The New Zealand Company played an important role in the European settlement of New Zealand. A major figure in the company was Edward Gibbon Wakefield. He made the adoption of new colonies part of economic debates in the United Kingdom.

Wakefield felt that colonies added land and new opportunities for work, and lessened conflicts between landowners, land developers and workers. He argued that land should be sold for a ‘sufficient price’, so labourers had to save to buy it over time.

Single tax

The single tax movement had a big influence on 19th century economics. People felt that only land should be taxed. They wanted a tax which targeted the ‘unearned increment’ – the increased value of land even if it had not been developed.

Free trade

In the 1860s the government was anxious to adopt free trade, with no taxes on imports. But it relied on duties like tariffs (which were charged for imported goods) for its income. Tariffs were renamed ‘revenue tariffs’ and were targeted at imported luxuries. British economist John Stuart Mill suggested tariffs could be used to protect ‘infant industries’, new businesses which needed time to grow and compete in the market. The New Zealand government used local infant industries to justify some taxes on imports.

Measuring growth

In the 19th century governments could only measure the growth of the economy in indirect ways, such as counting exports or imports. This often led to unreliable statistics. New Zealander Charles Knight realised that outputs from one industry could feed into another industry, so the combined growth of all industries differed from the total industrial output available to consumers.


Economics was not a profession until the 20th century and was taught as part of other subjects like philosophy at universities.

James Hight taught a generation of budding economists at Canterbury College (now university) some of whom had distinguished careers overseas. Students’ exams were sent to the UK for marking and world-famous economist John Maynard Keynes marked some of them. Students did very well.

1930s depression

Keynes’s ideas about government spending influenced New Zealand economists like Horace Belshaw and Douglas Copland who advised the government during the 1930s economic depression.

The depression changed economic thinking. Economists were taken more seriously, and governments were more willing to intervene in economies following their advice.


As the discipline of economics developed, governments had more sophisticated ways to measure economic change, using econometrics.

Economists overseas

New Zealand has mostly followed, rather than led, economic thinking. But the country has produced some distinguished economists, including Rex Bergstrom in the field of econometrics and Ronald Meek on laissez-faire French economics. The best-known New Zealand-born economist was Bill Phillips.

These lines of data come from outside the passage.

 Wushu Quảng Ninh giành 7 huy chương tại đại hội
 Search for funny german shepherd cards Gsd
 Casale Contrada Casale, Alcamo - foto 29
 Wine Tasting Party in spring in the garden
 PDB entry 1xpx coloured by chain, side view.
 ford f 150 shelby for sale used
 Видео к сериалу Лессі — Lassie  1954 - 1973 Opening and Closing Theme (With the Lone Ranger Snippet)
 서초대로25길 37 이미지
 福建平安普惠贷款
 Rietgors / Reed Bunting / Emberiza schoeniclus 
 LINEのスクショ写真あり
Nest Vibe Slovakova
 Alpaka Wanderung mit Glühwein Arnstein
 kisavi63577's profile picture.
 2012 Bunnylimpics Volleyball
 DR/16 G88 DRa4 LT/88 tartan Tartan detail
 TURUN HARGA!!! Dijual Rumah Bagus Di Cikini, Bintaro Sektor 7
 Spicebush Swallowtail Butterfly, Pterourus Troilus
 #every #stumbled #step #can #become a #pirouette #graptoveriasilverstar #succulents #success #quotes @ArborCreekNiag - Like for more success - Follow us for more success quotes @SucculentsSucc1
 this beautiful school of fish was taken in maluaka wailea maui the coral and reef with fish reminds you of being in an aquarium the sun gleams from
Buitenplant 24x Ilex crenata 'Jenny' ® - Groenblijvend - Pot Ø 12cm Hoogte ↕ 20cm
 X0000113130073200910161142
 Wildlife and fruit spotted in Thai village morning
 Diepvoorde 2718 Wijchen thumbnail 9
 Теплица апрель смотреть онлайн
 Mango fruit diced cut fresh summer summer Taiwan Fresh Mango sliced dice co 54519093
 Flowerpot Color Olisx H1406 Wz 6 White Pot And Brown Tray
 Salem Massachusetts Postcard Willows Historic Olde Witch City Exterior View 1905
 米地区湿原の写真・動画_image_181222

He invented the MONIAC machine to demonstrate the relationship between unemployment and inflation.

Market forces

Economists debate whether governments or markets should carry risks in the economy. After the 1980s New Zealand relied more on market forces to manage risk. Markets are not always appropriate for managing environmental impacts. However economists have devised ways to measure and manage these ‘externalities’, costs or benefits with no market value.